▼▼▼
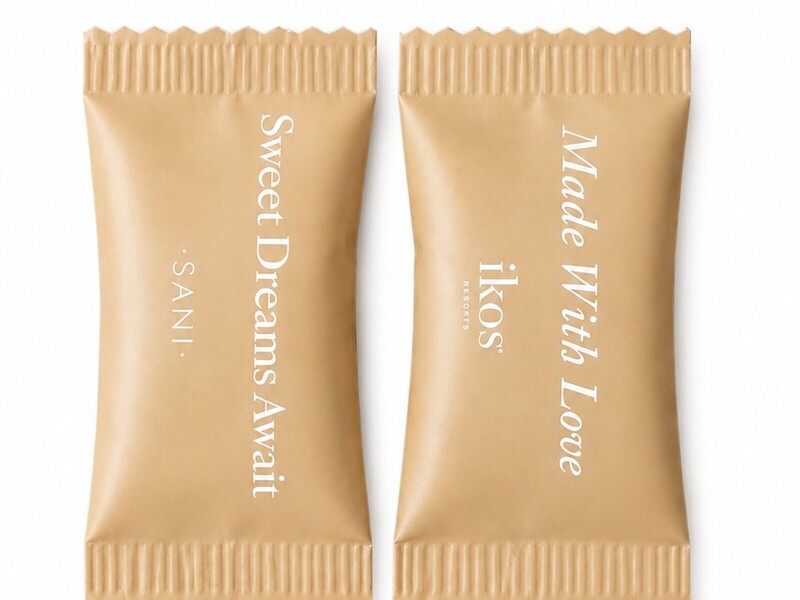 Parkside ontwikkelt volledig recyclebare papieren verpakking voor Sofi's Cookies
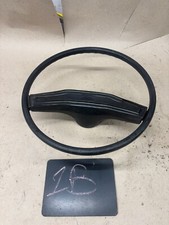 Volante 1974 75 1976 77 F100 F150 Maverick Mustang Torino fabricante de equipamento original HORN PAD comprar usado  Enviando para Brazil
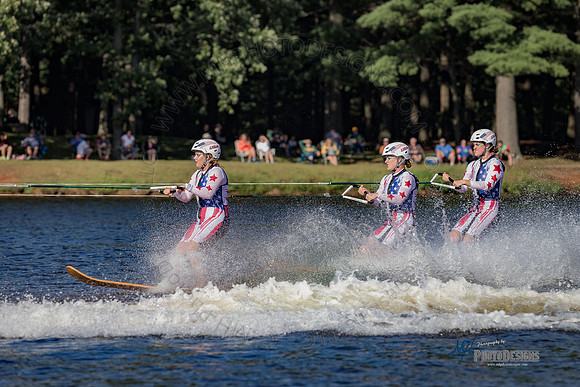 Team USA - Day Two-310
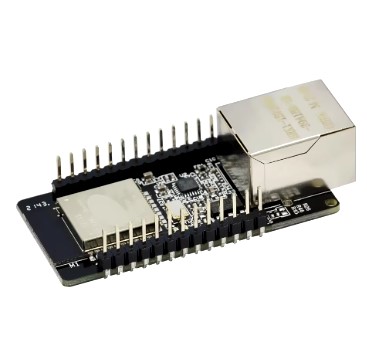 WT32-ETH01 Placa de Desarrollo ESP32 con ETHERNET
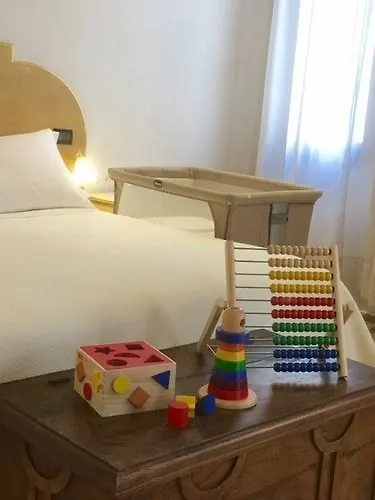 Panzió Ca' Cappellis 4*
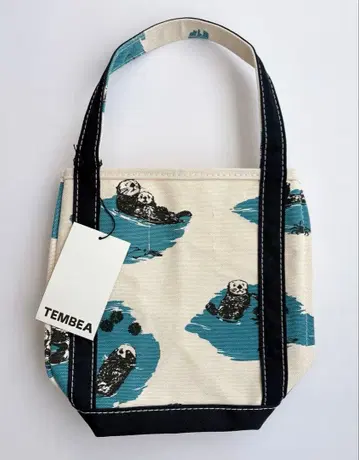 TEMBEA 랏코 바게트 토트 미니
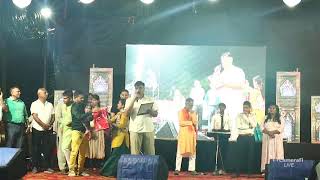 Dang Police's Navratri Mahotsav 2024  DAY 2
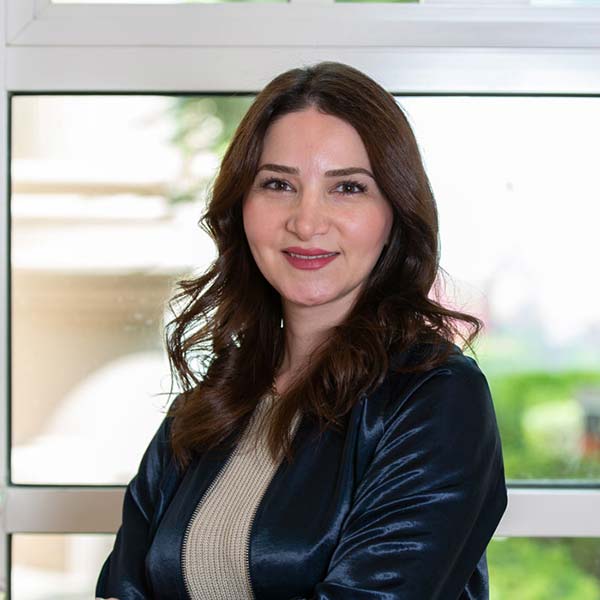 Leila Darwiche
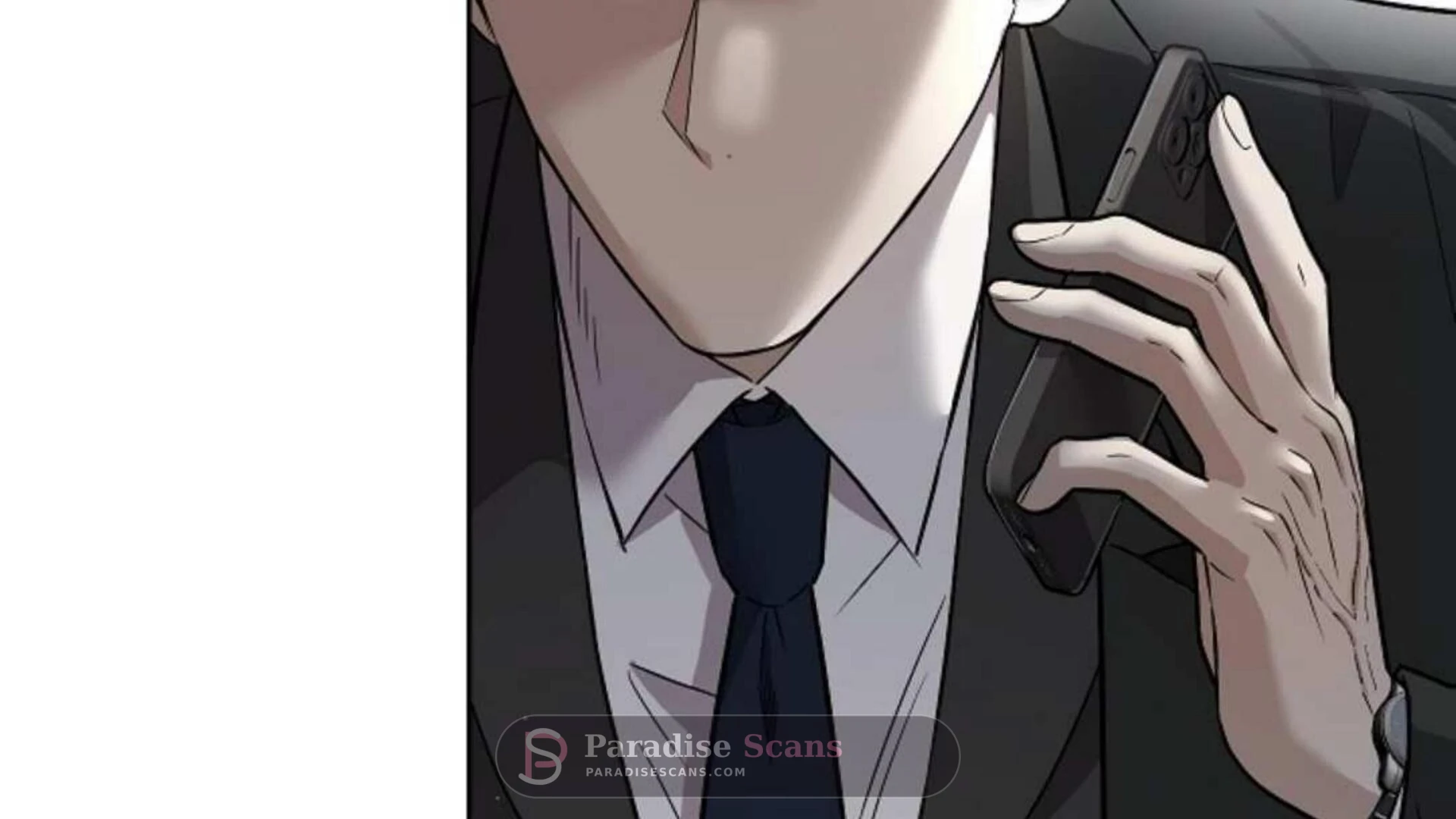 Triangle (Yaoi) Chapter 3 page 119 -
▲▲▲
▸ **Task requirements**
Reproduce exactly the lines from the one with "Dang Police's Navratri" to the bottom of the listing, both ends included, and nothing else. Skip the pictures.

▸ **Answer box**
 Dang Police's Navratri Mahotsav 2024  DAY 2
 Leila Darwiche
 Triangle (Yaoi) Chapter 3 page 119 -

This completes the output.